Despite learning a lot about U.S. competition law, which Champara says is far ahead of similar laws in the European Union, the most valuable experience for her was the opportunity to learn more about proper business etiquette, the art of negotiations, and other skills that make U.S. businesspeople highly competitive and successful around the world.
"For me it is actually more about, not about the practice, it is more about the behavior and running a business," she says. "When you see how people here are preparing for their meetings, how they are communicating with other people -- for me, [it] was much different than things that I learned in Bosnia because they are more informal here, I had that feeling."
Business Networking
Yunna Rezaeva, another participant in the 2007 women-leaders partnership, runs a group of restaurants, bakeries, art galleries and souvenir shops in Russia's Far East. Her restaurant, Nostalgiya, in Vladivostok was awarded the Golden Crane award in 2000 as the best restaurant in Russia.
Rezaeva is interested in expanding the bakery business by learning new methods of production, employing new equipment, and developing new recipes. Her mentors were Pat Curran and Linda Dillman, senior executives at Wal-Mart, the world's largest company.
In addition to getting invaluable experience in U.S. business practices, Rezaeva says, her stay in the United States allowed her to network face-to-face and to establish contacts that may be useful for the expansion of her businesses.
As for the restaurant business, she says, the principles for maintaining a good restaurant are pretty much the same in Russia and in the United States.
"I consider my restaurant to be a good restaurant and find many common traits with good restaurants here, in America," Rezaeva says. "The first, main ingredient of a good restaurant is the delicious food, then excellent service, and the ambience."
Asparagus And Oysters
Thomas Keller, who is the only U.S. chef and restaurateur to be awarded three-star rating from the Michelin guide, lists the qualities of a good restaurant in exactly the same order -- "product and execution."
Keller, who attended a culinary conference in Moscow in 2005, says that in a culinary sense Russia has changed tremendously since the era of glasnost and perestroika.

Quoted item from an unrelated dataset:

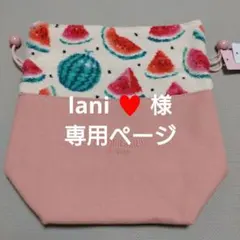 ☆専用ページ☆ フェイラー 巾着ポーチ スイカドット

"Certainly, there are extraordinary opportunities in the old Eastern bloc countries," Keller says. "Russia is an amazing place. It will be wonderful to look and to see what they are doing and how they are trying to interpret their cuisine again and watch them grow from [what like] America was 30 years ago when we started to embrace cuisine again."
Rezaeva says that as a result of her participation in the 2007 women-leaders partnership program she may be able in the near future to import some of the ingredients for her restaurant from distributors in northern California who are closer to Vladivostok than the purveyors she deals with now.

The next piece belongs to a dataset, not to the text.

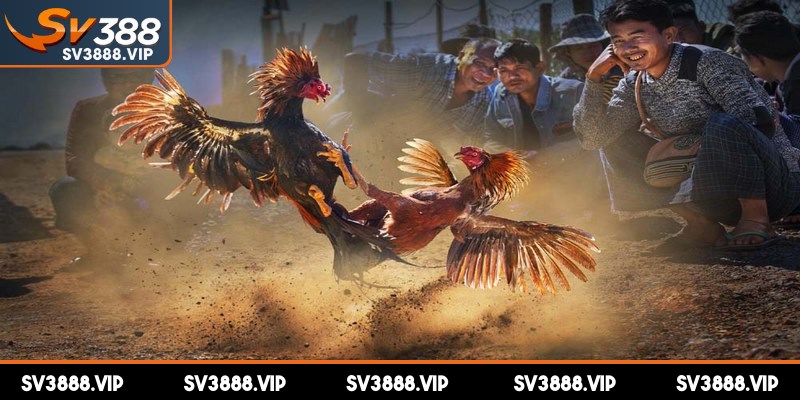 Đá gà SV388 là một trong những sảnh cược đưa tên tuổi nhà cái lên tầm cao mới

"For example, we don't grow asparagus," she says. "How do we deal with it? We are having it flown from Moscow. Or oysters? Our sea is not really clean now; it is dangerous to eat local oysters, so we are having them flown in from Cyprus."
Such long trips make the final product, Rezaeva says, significantly more expensive than if it were flown in from San Francisco or Vancouver, which are less than 10-hour flight from Vladivostok.
Both "Fortune" magazine and the U.S. State Department consider the first two women-leaders partnership programs successful and intend to expand the initiative in 2008.